On January 5, 2011, the House adopted a new rule requiring each introduced bill or joint resolution to be accompanied by a statement of constitutional authority. This describes the requirements of the rule, along with links to materials which will be helpful to ensure compliance.
Text of the Rule
The rule is a new paragraph of clause 7 of rule XII:
“(c)(1) A bill or joint resolution may not be introduced unless the sponsor submits for printing in the Congressional Record a statement citing as specifically as practicable the power or powers granted to Congress in the Constitution to enact the bill or joint resolution. The statement shall appear in a portion of the Record designated for that purpose and be made publicly available in electronic form by the Clerk.
“(2) Before consideration of a Senate bill or joint resolution, the chair of a committee of jurisdiction may submit the statement required under subparagraph (1) as though the chair were the sponsor of the Senate bill or joint resolution.”.

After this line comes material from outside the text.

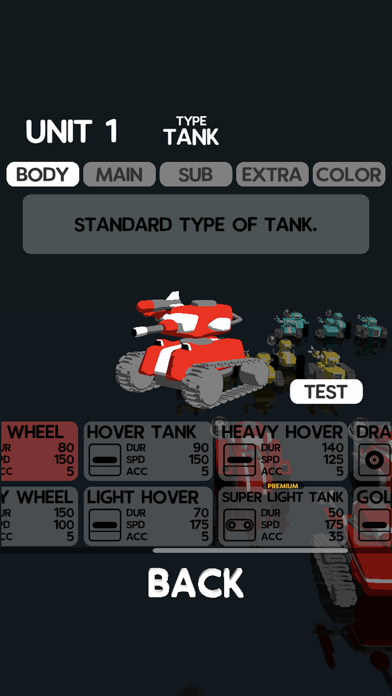 TINY TOON TANK TWO应用截图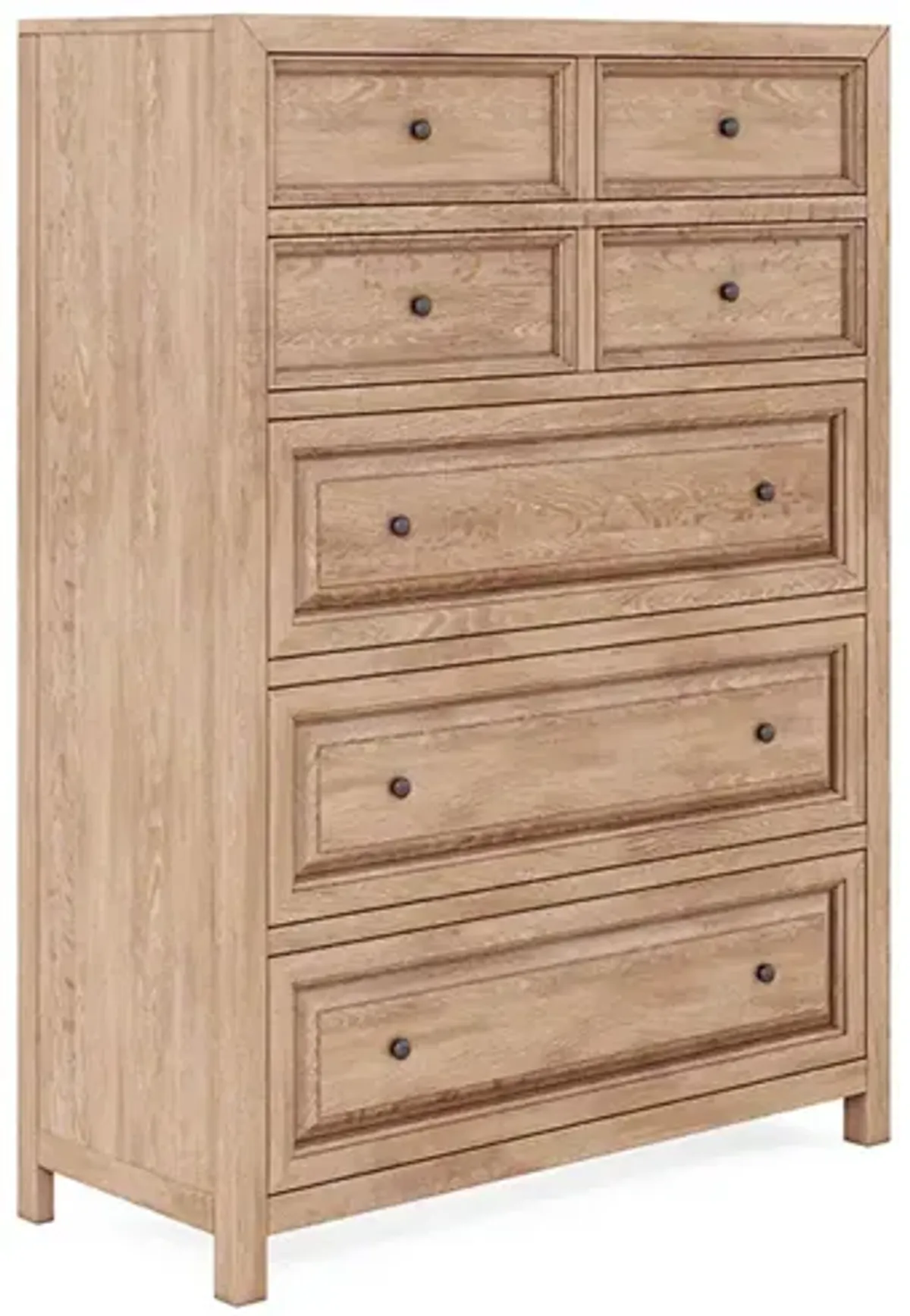 Post Drawer Chest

The rule also repeals clause 3(d)(1) of rule XIII (relating to constitutional authority statements in committee reports).
Compliance with the Rule
When a Member presents a bill or joint resolution for introduction and referral (when it is dropped in the “hopper”), the bill must be accompanied by a separate sheet of paper citing the constitutional authority to enact the proposed bill or joint resolution.
The statement should include the Member's name and signature, the title of the measure it accompanies, and a citation to the power or powers granted in the Constitution to enact the bill. Below are links to a form (in both Word and PDF format) designed by the Office of the Legislative Counsel to assist Members in complying with this requirement.

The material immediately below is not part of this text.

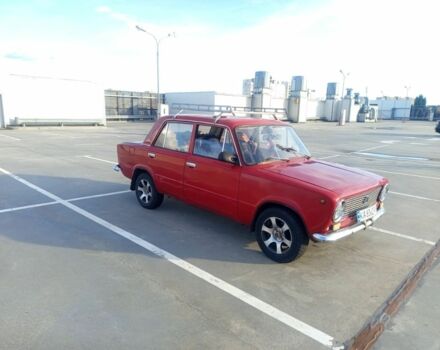 Червоний ВАЗ 2101, об'ємом двигуна 1.2 л та пробігом 24 тис. км за 1100 $, фото 2 на Automoto.ua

The rules change was a nod to the tea party movement, whose members may have expected that it would curb legislative activism. After all, if members could not find constitutional justification for bill expanding government power, they could not introduce them. But there are two gigantic loopholes.
The first is Article I, section 8, clause 1, which empowers Congress "to provide for the common Defence and general Welfare of the United States. " That phrase covers just about any kind of legislation about anything.
The second is the well-known "elastic clause," Article I, Section 8, Clause 18, enabling Congress to "make all Laws which shall be necessary and proper for carrying into Execution the foregoing Powers, and all other Powers vested by this Constitution in the Government of the United States, or in any Department or Officer thereof."
A glance at a recent set of constitutional authority statements indicates that many House members are taking advantage of these loopholes.
The rule may have symbolic value but it has no substantive impact at all.